[erlang-questions] map elements in defined order
Ulf Wiger
ulf@REDACTED
Fri Oct 27 15:42:30 CEST 2017
Sverker, I understand and agree with the reasons behind the implementation
decision.
I can expand a little on discussions I've been involved in:
We have a scenario where we need to serialize objects partly for network
comms, partly for storage and partly for signing and cryptographic hasing.
We also prefer the serialization to work easily across programming
languages.
The trouble is of course the signing/crypto-hashing. For this to be stable,
the order must be fixed.
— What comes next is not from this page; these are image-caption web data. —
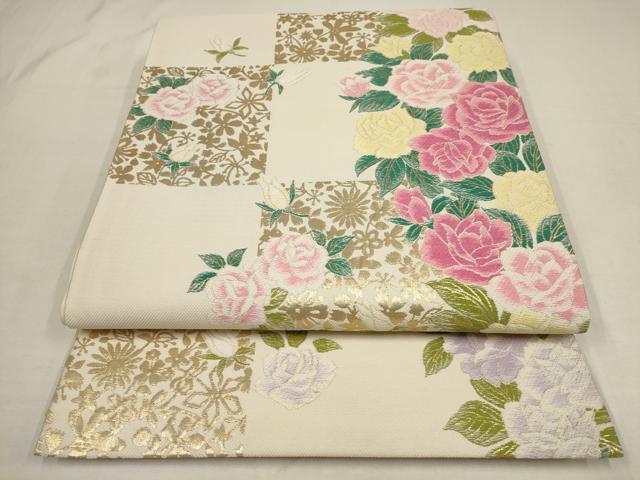 平和屋着物●振袖用　六通柄袋帯　唐織　バラ　金糸　逸品　AAAT3723wj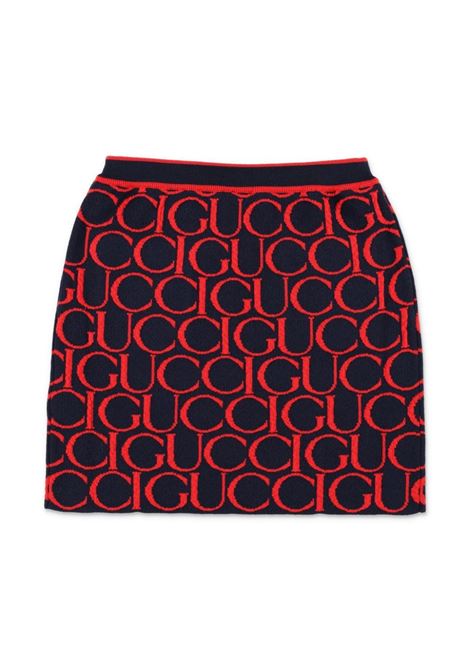 GUCCI KIDS Gonna Jacquard In Lana Gucci Blu Scuro e Rosso - GUCCI KIDS Nuovo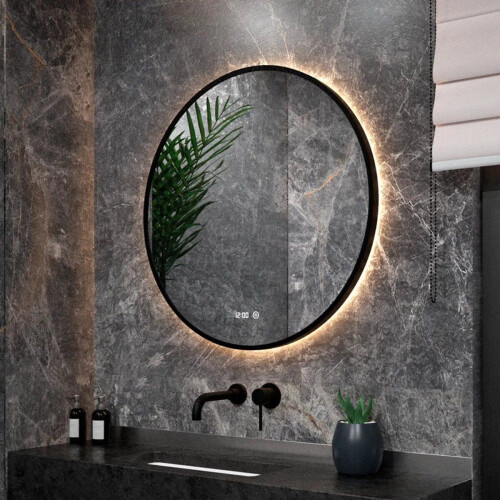 Mirlux Badkamerspiegel - Wandspiegel Rond - LED Verlichting Verwarming Anti Condens Mat Zwart 80CM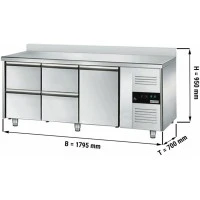 Холодильний стіл ECO - 1,8 x 0,7 m - 1 двері та 4 шухляди 1/2 GGM Gastro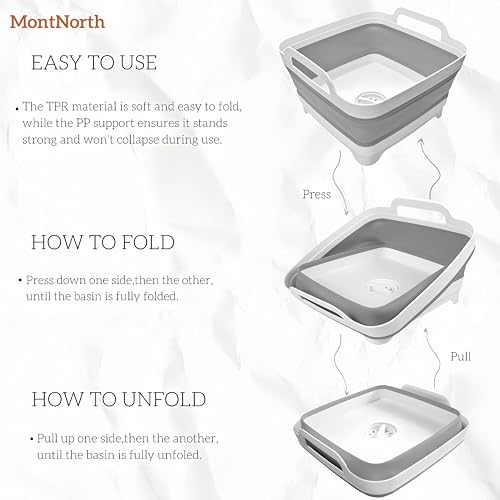 Collapsible Wash Basin 9L, Foldable Dish Tub with Drain Plug - Image 4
Obviously, adding a function that makes Erlang
maps appear ordered will not suffice, since other language environments
would either not expect maps to be ordered at all, or are likely to have a
different take on how keys are ordered*.
Better then to stick with the assumption that map key ordering is undefined.
Picking e.g. msgpack encoding as an example, a possible alternative would
be to use arrays of 1-element maps:
[#{K1 => V1, #{K2 => V2}, ...]
This is easy enough to decode and handle in e.g. JavaScript, and should be
stable enough to sign (using the msgpack-encoded representation as input to
the signing/hash function). The encoding overhead compared to using a
single map seems to be about one byte per key.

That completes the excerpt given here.